Still, the an­nounce­ment dis­ap­pointed Is­raeli lead­ers and Mr. Trump’s pro-Is­rael con­ser­va­tive sup­port­ers at home who ral­lied to his call on the cam­paign trail to move the em­bassy to “the eter­nal cap­i­tal of the Jewish peo­ple.”

Se­nate Mi­nor­ity Leader Charles E. Schumer used the oc­ca­sion to taunt Mr. Trump and his sup­port­ers.

“As some­one who be­lieves that Jerusalem is the un­di­vided cap­i­tal of Is­rael, I am deeply dis­ap­pointed in Pres­i­dent Trump’s de­ci­sion,” said the New York Demo­crat. “Will those who crit­i­cized Pres­i­dent Obama for not mov­ing the em­bassy make their voices just as loud and just as strong when it comes to Pres­i­dent Trump’s fail­ure to move the em­bassy?”

The dead­line for a de­ci­sion on the waiver was Thurs­day. Mr. Trump will face the de­ci­sion again De­cem­ber 1.

The em­bassy is­sue came up dur­ing Mr. Trump’s visit last week to Is­rael, where Is­raeli Prime Min­is­ter Ben­jamin Ne­tanyahu re­port­edly prod­ded him to keep his prom­ise and Pales­tinian Pres­i­dent Mah­moud Ab­bas warned of dire con­se­quences if he did.

Is­rael has long ad­vo­cated for re­lo­cat­ing the em­bassy to Jerusalem, its cap­i­tal. But the city also is where Pales­tini­ans want to put the cap­i­tal of their fu­ture state.

Dur­ing the cam­paign, Mr. Trump de­scribed the em­bassy move as a cor­ner­stone of his plan to re­store the close al­liance with the Jewish state that he said had been badly strained by the Obama ad­min­is­tra­tion.

“We will move the Amer­i­can em­bassy to the eter­nal cap­i­tal of the Jewish peo­ple, Jerusalem. And we will send a clear sig­nal that there is no day­light be­tween Amer­ica and our most re­li­able ally, the state of Is­rael,” Mr. Trump said in a speech to the Amer­i­can Is­rael Public Af­fairs Com­mit­tee last year dur­ing the pres­i­den­tial race.

In Is­rael, Mr. Ne­tanyahu took the blow grace­fully. “Though Is­rael is dis­ap­pointed that the em­bassy will not move at this time, we ap­pre­ci­ate to­day’s ex­pres­sion of Pres­i­dent Trump’s friend­ship to Is­rael and his com­mit­ment to mov­ing the em­bassy in the fu­ture,” the prime min­is­ter’s of­fice said in a state­ment.

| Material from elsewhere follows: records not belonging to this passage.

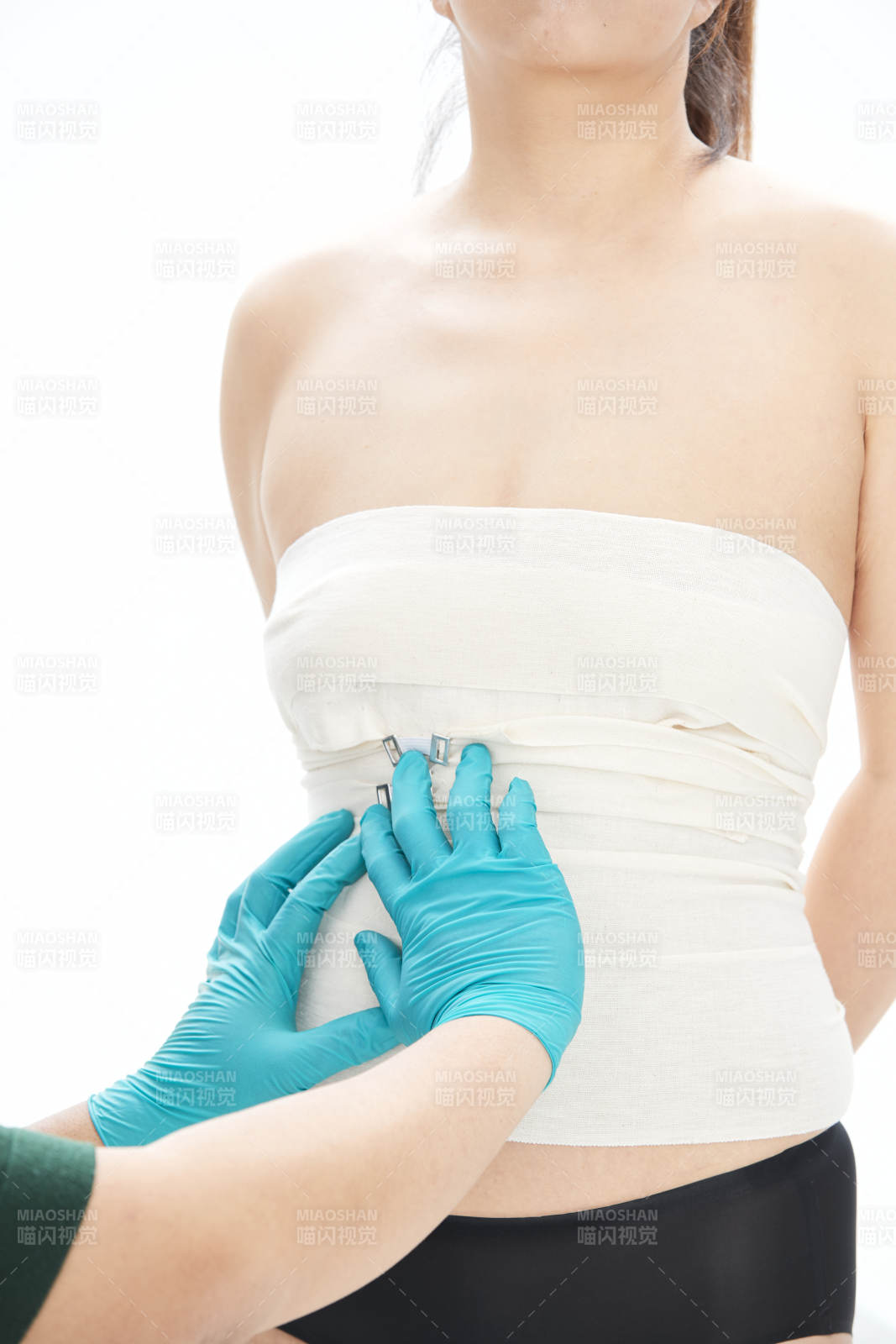 医疗美容型体整形术后检查图片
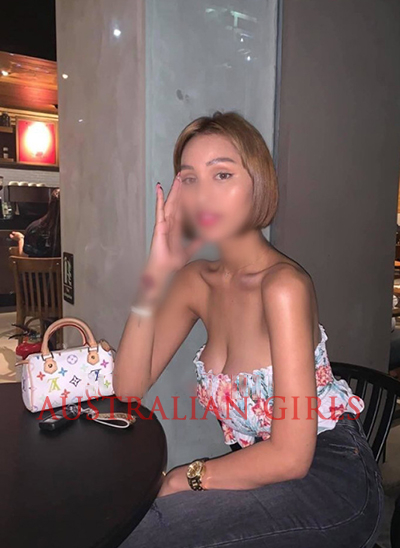 Second extra photo of Clara Prado
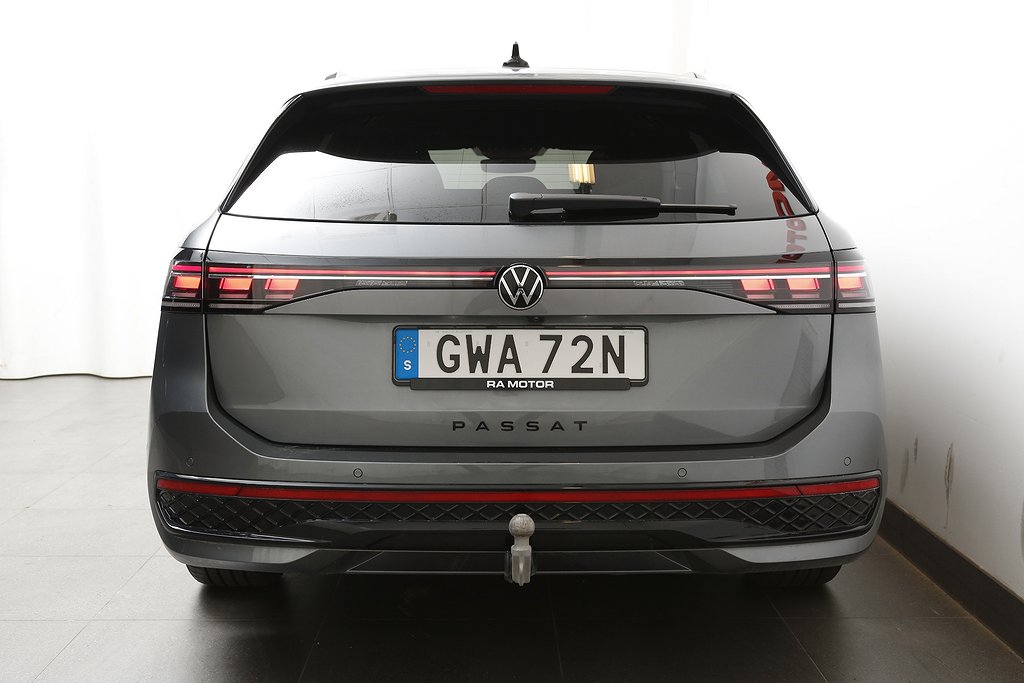 Volkswagen Passat 2,0 TDI SCR 4Motion R-Line Sportscombi 2025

Su­san Michael, direc­tor of the In­ter­na­tional Chris­tian Em­bassy in Jerusalem, said her or­ga­ni­za­tion was dis­ap­pointed, but grate­ful that the pres­i­dent still wanted to even­tu­ally move the em­bassy.

“He heard from many Chris­tian lead­ers and vot­ers over the last month urg­ing him to make the move and he will un­doubt­edly con­tinue to hear from us,” she said. “This is the year to right a his­toric in­jus­tice and to place the U.S. Em­bassy in the cap­i­tal of Is­rael — our strong­est ally in the en­tire Mid­dle East and the only coun­try in the world that we do not rec­og­nize their cap­i­tal.”


Mov­ing the U.S. em­bassy from Tel Aviv to Jerusalem was one of Pres­i­dent Trump’s prom­ises dur­ing his cam­paign. On Thurs­day, Mr. Trump signed a waiver that keeps the em­bassy in Tel Aviv. He says the de­lay is tem­po­rary.